_Material supplied_.
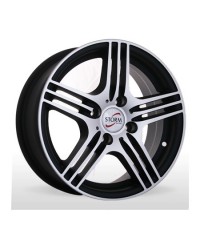 Storm W-534 BP R13 W5.5 PCD4x100 ET35 DIA67.1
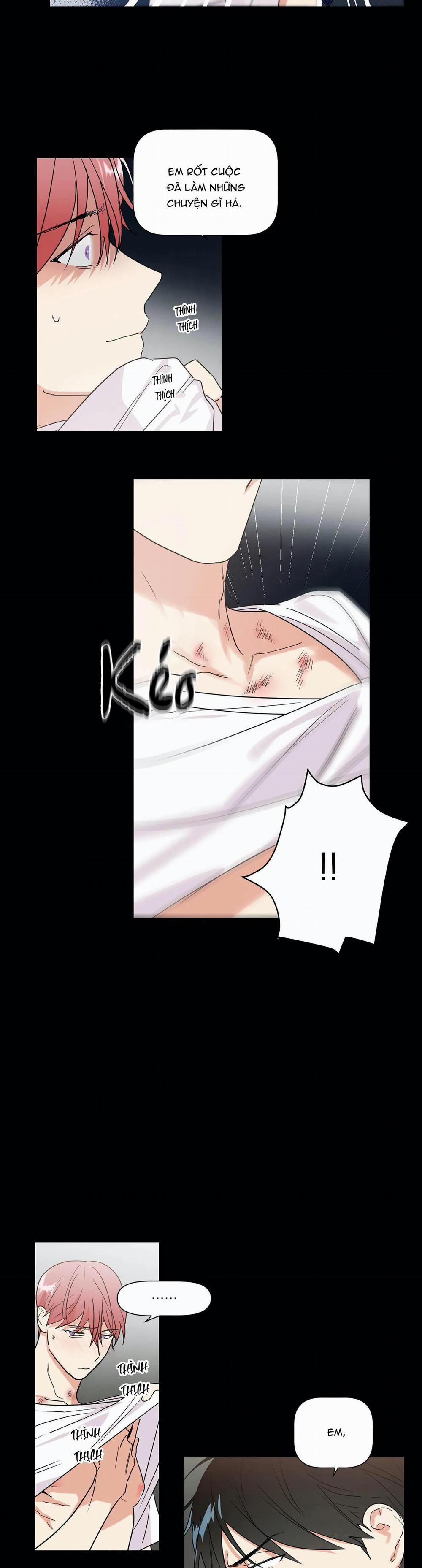 Mâu thuẫn và tương phản 38 trang 18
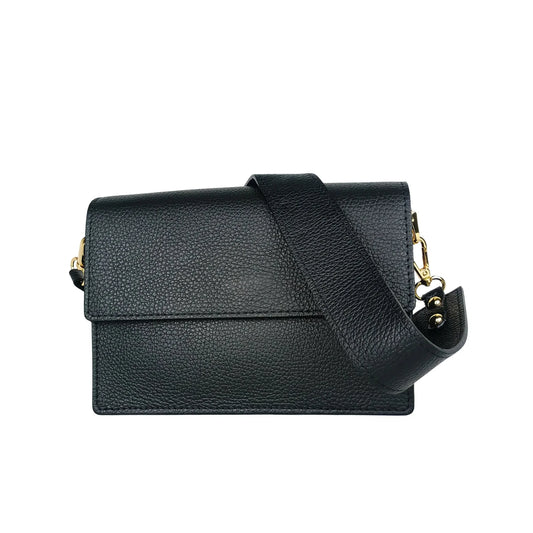 Donna Luxe Crossbody Bag MS-0214 - Stile Donna Bags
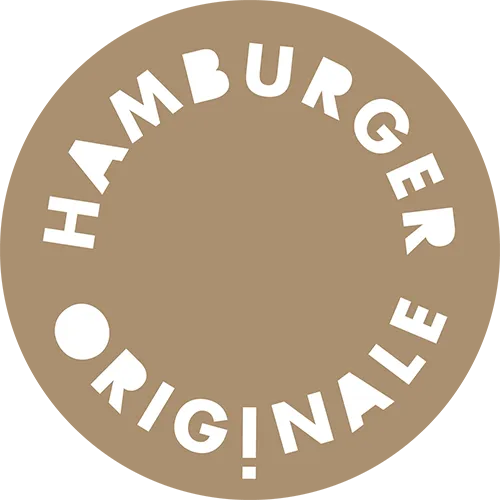 HAMBURGER ORIGINALE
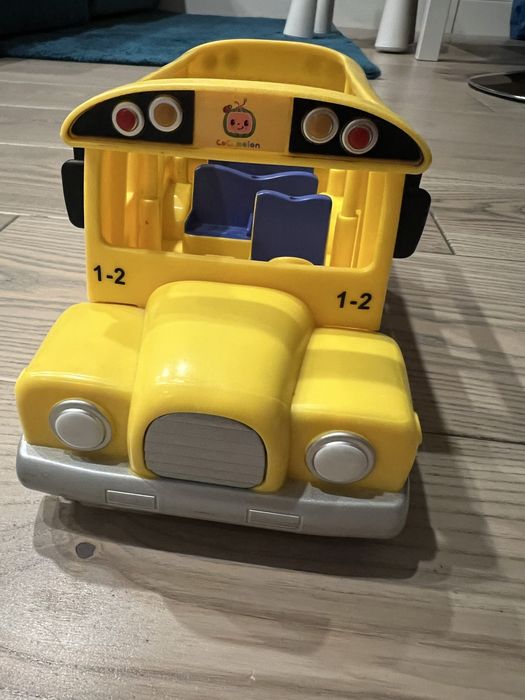 Autobuz Cocomelon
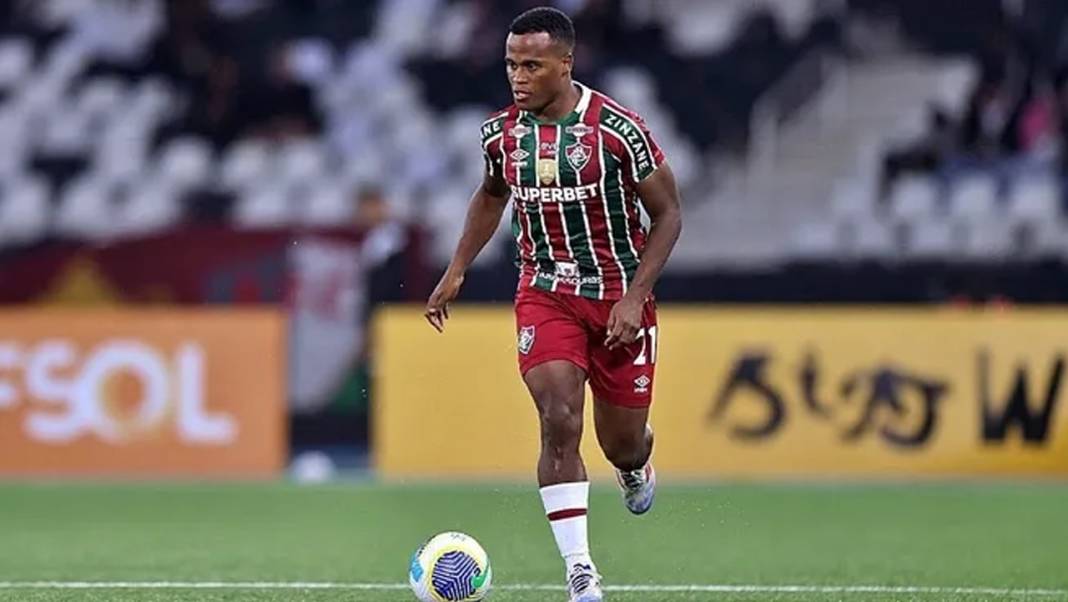 Kolombiyalı yıldız aslan oluyor! Taraftarlar sevinçten havaya uçacak 3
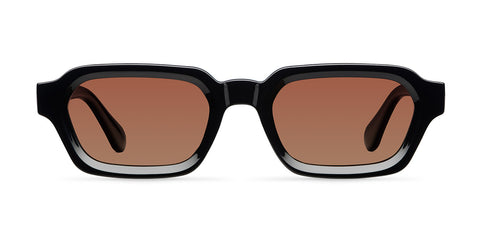 Tana Black Brown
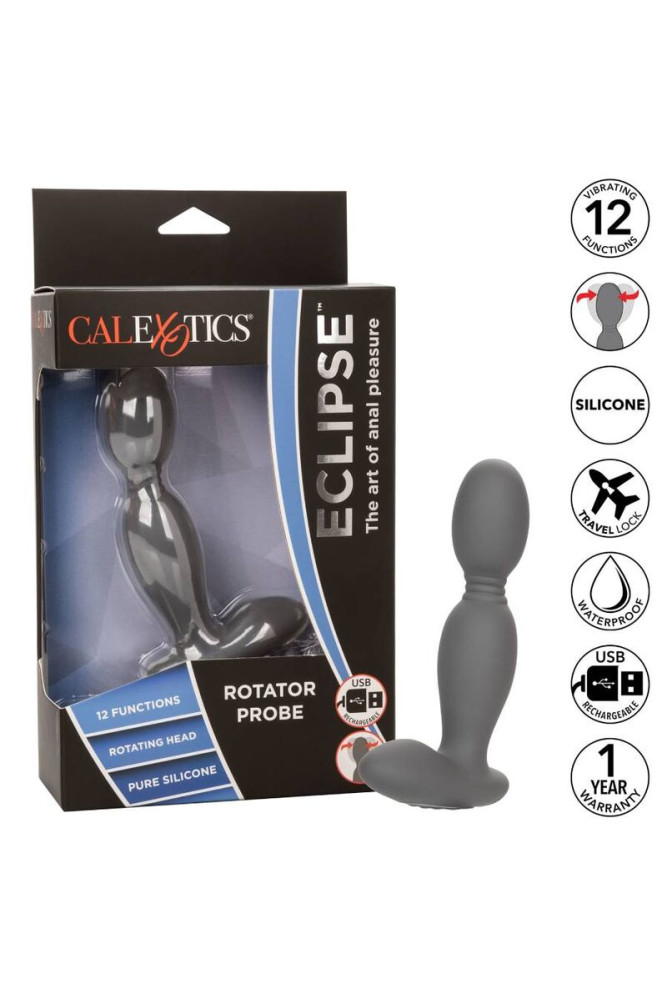 CALEXOTICS - SONDA ROTANTE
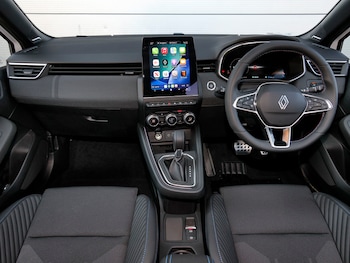 Used Renault Clio 2026 for sale - 79470088: Photo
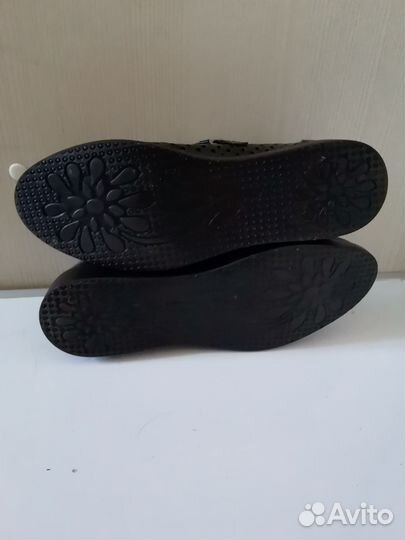 Туфли для девочки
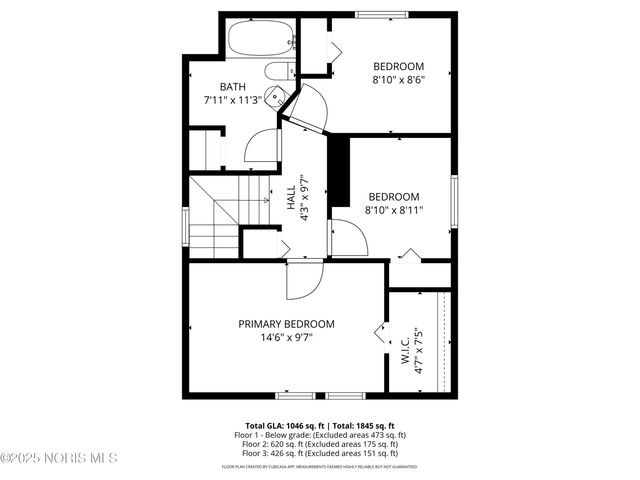 1833 Ottawa Drive, Toledo, OH 43606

_Work request_.
From the line containing "Mâu thuẫn và tương phản 38 trang 18" through the final line of the listing, copy every line exactly and nothing else. Skip the pictures.

_Answer to the exercise_.
 Mâu thuẫn và tương phản 38 trang 18
 Donna Luxe Crossbody Bag MS-0214 - Stile Donna Bags
 HAMBURGER ORIGINALE
 Autobuz Cocomelon
 Kolombiyalı yıldız aslan oluyor! Taraftarlar sevinçten havaya uçacak 3
 Tana Black Brown
 CALEXOTICS - SONDA ROTANTE
 Used Renault Clio 2026 for sale - 79470088: Photo
 Туфли для девочки
 1833 Ottawa Drive, Toledo, OH 43606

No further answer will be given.